After 100 years of recording, we've become accustomed to thinking of opera in purely musical terms. Indeed there's a lot to be said for not watching opera at all. But Wagner wanted Gesammstkunstwerk, creations that pulled together all kinds of art to convey ideas as fully as possible. Still, in the absence of thought-provoking staging, a perfomance can stand by singing and playing alone. Nina Stemme is a lovely Isolde, vocally secure. If the harsh lighting drains her face of colour, she doesn't sing as if she's washed out. Robert Gambill isn't striking, though he isn't strained by the part's demand on higher register. Katarina Karneus can be an excellent singer, with personality, but the way this Brangäne is directed, she might as well have gone on autopilot. There is a lot more to the character, as the Marthaler Bayreuth production demonstrates. That Brangäne is a match for Isolde in terms of spirit and vitality.
This summer's Glyndebourne Tristan und Isolde is conducted by Vladimir Jurowski, with Anja Kampe and Torsten Kerl in the main roles. Last December, Jurowski conducted a concert performance of the Second Act at the Royal Festival Hall. See HERE. It wasn't that wonderful, but that's understandable given it was a work-in-progress, all parties new to the work. Kampe was much more impressive in this spring's ROH Der fliegende Hollämder where she quite frankly stole the show from a pedestrian Bryn Terfel. She may not have Stemme's experience but she'd be interesting. And we know Jurowski's good.
Subsequently I had a thought. Why not a puppet Tristan und Isolde? That would solve the problem of having good singers who can't act and singers who look good but can't sing! That would also solve the problem of people who think the opera is "boring" because there's "no action" and no sex. At last we'd get to see Morold die, Isolde's mum, Tristan's mum etc and T & I could take their clothes off. Definitely a market there. For some.....
It's interesting to watch this production after the Bayreuth version also available on download for half the price. One is grim to look at but connects to the ideas in the opera. The other is glamorous visually, a "designer" look, but in which Wagner's more complex ideas don't intrude.

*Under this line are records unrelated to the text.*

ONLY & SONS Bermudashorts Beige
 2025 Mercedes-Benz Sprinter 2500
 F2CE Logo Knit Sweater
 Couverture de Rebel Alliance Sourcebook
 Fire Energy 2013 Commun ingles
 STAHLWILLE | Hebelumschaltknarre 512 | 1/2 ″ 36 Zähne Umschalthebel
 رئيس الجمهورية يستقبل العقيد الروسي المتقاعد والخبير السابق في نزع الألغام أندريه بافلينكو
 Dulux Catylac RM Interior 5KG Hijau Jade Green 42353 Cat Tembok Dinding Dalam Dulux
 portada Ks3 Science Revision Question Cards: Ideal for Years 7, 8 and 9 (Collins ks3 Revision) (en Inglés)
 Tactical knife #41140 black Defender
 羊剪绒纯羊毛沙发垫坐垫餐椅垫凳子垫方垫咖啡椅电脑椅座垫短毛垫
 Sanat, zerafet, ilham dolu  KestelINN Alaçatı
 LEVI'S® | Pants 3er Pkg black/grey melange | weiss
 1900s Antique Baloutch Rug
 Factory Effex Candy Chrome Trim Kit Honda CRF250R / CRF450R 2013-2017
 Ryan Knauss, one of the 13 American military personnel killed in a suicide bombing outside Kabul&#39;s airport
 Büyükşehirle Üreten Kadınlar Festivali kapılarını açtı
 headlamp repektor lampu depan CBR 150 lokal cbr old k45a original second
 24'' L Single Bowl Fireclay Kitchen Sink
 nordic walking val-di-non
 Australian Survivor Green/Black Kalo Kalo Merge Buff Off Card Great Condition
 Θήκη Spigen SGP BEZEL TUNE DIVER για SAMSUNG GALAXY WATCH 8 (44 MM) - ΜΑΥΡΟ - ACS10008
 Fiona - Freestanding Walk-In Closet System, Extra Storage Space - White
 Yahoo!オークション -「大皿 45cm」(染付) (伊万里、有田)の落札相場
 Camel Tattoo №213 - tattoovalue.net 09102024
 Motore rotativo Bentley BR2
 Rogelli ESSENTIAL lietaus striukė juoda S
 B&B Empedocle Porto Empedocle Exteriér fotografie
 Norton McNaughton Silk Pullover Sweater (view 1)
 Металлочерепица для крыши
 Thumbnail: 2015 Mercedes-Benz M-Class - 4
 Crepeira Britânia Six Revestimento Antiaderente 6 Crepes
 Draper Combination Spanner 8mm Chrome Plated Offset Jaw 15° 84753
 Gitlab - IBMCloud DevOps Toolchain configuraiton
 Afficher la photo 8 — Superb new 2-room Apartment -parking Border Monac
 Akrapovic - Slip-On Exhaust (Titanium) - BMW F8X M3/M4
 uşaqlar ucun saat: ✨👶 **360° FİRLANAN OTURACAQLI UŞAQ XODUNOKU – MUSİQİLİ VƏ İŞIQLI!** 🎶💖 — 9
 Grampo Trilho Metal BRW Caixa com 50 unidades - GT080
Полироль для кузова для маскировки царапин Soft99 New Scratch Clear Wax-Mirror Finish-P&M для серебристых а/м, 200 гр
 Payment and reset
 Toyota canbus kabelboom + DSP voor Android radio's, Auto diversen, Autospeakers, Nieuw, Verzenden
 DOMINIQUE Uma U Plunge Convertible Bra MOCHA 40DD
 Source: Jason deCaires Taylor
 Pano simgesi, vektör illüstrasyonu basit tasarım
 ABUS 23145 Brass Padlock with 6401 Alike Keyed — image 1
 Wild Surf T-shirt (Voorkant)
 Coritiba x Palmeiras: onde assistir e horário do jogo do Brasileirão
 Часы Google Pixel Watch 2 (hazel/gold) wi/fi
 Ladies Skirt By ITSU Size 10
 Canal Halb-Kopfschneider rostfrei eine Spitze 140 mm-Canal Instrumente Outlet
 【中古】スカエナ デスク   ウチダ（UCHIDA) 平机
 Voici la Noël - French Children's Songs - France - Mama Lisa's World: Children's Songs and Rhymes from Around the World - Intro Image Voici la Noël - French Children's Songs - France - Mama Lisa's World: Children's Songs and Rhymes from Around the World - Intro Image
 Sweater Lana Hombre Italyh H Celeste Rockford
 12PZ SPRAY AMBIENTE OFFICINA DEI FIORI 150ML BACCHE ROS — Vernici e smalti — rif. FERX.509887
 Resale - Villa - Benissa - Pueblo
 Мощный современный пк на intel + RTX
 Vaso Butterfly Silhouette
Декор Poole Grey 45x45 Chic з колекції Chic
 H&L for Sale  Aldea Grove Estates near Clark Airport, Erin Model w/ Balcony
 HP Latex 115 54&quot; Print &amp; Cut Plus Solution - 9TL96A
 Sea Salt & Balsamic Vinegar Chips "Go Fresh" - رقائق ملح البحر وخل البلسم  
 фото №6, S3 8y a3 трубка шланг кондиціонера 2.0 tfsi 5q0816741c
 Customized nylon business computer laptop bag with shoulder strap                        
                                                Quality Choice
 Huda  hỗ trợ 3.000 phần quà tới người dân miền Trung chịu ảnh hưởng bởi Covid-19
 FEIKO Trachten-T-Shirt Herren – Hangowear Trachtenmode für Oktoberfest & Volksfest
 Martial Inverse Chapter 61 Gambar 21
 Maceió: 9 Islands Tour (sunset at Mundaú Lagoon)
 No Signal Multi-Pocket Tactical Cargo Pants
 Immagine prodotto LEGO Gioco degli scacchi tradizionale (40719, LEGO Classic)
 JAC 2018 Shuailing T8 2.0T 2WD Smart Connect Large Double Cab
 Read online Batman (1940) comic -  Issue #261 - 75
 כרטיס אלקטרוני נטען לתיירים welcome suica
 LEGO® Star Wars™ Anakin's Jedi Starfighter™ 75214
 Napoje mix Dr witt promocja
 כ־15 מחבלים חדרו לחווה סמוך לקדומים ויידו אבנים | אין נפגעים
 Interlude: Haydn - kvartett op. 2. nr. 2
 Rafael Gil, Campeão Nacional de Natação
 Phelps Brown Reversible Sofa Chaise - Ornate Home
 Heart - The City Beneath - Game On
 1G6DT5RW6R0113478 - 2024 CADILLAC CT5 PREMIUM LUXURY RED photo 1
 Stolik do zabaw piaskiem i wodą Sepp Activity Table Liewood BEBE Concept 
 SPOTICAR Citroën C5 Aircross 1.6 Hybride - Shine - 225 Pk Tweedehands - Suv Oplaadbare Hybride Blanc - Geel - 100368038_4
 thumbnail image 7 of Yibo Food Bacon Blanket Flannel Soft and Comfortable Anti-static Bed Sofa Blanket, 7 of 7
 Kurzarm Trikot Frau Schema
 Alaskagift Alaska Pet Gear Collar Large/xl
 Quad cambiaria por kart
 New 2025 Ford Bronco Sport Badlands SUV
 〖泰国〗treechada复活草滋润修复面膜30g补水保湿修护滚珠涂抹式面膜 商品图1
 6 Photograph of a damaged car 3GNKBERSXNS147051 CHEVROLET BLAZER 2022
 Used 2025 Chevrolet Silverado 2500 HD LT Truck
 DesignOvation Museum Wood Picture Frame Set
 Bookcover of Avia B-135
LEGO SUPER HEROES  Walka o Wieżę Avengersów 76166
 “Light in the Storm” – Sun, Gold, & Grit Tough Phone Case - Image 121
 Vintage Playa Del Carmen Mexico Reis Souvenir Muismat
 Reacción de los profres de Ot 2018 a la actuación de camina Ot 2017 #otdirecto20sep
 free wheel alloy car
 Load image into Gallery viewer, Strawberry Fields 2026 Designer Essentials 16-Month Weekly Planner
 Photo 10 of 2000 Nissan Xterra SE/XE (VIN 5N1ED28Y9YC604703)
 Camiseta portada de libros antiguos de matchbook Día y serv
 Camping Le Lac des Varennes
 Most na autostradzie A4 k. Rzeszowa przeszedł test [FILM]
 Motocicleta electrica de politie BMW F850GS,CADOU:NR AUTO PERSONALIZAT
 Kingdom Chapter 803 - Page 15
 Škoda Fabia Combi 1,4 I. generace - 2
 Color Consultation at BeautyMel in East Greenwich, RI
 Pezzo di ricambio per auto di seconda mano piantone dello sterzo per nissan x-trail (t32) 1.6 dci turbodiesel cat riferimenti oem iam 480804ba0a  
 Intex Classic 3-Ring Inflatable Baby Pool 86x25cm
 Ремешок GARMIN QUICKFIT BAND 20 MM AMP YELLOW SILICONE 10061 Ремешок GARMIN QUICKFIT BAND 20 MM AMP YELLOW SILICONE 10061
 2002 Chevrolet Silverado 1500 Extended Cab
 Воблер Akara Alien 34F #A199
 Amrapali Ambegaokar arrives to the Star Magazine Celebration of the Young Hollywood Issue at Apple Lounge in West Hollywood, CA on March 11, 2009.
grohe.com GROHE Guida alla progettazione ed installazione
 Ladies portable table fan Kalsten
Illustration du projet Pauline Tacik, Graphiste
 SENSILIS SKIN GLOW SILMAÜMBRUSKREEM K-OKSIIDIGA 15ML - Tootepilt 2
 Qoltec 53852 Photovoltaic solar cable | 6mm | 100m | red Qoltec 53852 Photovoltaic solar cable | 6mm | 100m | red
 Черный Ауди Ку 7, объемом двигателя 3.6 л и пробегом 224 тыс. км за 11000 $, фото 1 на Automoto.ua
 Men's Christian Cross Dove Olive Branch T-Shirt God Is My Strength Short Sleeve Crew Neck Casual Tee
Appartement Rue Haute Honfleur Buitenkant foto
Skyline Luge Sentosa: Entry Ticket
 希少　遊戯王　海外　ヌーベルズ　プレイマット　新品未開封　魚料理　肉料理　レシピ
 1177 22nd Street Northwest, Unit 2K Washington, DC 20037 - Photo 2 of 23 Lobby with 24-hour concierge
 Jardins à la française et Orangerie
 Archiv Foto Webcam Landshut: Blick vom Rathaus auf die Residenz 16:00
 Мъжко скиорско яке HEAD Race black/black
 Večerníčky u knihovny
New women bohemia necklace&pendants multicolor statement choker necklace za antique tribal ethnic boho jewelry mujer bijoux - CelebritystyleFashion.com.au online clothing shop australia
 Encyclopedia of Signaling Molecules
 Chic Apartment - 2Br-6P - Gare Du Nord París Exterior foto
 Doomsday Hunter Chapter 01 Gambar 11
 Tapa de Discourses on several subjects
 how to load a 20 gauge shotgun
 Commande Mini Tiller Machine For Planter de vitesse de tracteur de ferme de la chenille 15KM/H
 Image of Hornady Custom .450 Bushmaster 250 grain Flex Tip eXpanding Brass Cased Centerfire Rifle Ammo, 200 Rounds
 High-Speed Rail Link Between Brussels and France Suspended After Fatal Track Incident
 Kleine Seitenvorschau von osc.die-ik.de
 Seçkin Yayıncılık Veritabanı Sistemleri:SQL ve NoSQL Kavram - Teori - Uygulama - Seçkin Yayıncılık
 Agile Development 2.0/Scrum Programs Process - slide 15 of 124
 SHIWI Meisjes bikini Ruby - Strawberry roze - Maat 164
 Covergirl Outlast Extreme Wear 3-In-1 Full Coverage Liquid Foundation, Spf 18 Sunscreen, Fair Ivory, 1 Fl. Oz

The design concept for this set must have looked wonderful on the drawing board. Basically the stage is ordered in steps facing the audience, with huge semi-circular arches curving round the performance space - clean and crisp. Because the same elaborate construction can be adapted in all three Acts, it's economic to present. Yet if any venue can accommodate lavish scene changes, it's Glyndebourne, where the intervals are longer than anywhere else. A lost opportunity.
What does the set tell us about the opera? Generally I much prefer abstract, uncluttered settings because they throw attention onto the music. In this case, the minimalism draws attention away without giving much in return. Perhaps the hard surfaces reflect hard situations like Mussolini architecture reflects fascist discipline. Yet, powerful as King Marke may be he's no autocrat. He's such a nice guy he doesn't even force Isolde to sleep with him because he respects her too much. Techno-brutalism isn't his style. Nor "image" because he's not a slave to keeping up surface appearances. Isolde and Brangäne spend a lot of time sitting on the steps, physically and metaphorically. They sing but don't really inhabit the stage. Of course they don't belong in Cornwall, but there's little else in the production to further draw out their plight.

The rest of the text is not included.